Wednesday, May 13, 2015

Question

I am a trans-man who has settled down with a woman I hope to marry. She has a son from a previous marriage, and I am excited about being a stepdad. Life has been pretty good lately. But I got an angry e-mail from an ex-lover of mine this week that has me spun. I need to ask you if I really did harm this person.

            This e-mail was from a femme (or I thought she was a femme) that I dated for almost a year. She lived in another city, and eventually we could not continue a long-distance relationship. I admit I also was not good at staying in touch as often as she needed to hear from me. I call her a femme because she came to our first date dressed in a vintage sheath with a cashmere sweater, a beaded hat with a veil, fishnet stockings, high heels, and makeup. She also told me she was a femme but not a lesbian and had been with other transmen in the past. I had deep feelings for her from the start. It was a passionate relationship, so much so that the breakup (which she initiated) hurt me deeply.

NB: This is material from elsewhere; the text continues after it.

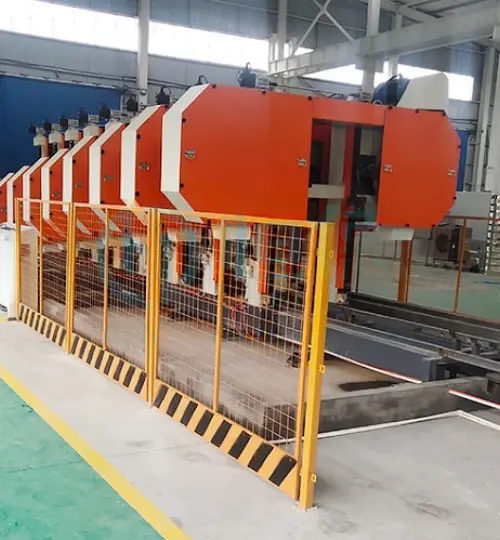 Xinjiang piccola linea di produzione di blocchi di stampo quadrato che taglia il progetto di trasformazione tecnologica della macchina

            One of the things we talked about a lot was the fact that she felt very uncomfortable with the way men reacted to her when she left her house. If she dressed the way she wanted to dress, and felt attractive in her vintage clothes, she got sexually harassed. I was supportive and tried to help her find a way to feel safe in public and still be able to express her fashion and identity. I know how badly guys can behave around a pretty girl. To them she is advertising her availability. But that is not necessarily why women dress up. She might just want to feel good about herself or make a statement about her own interests or taste. At any rate, rough flirtation and a lot of pressure never got anybody a date with a pretty girl, not that I ever saw. I’m not sure why the art of being a gentleman seems to be vanishing.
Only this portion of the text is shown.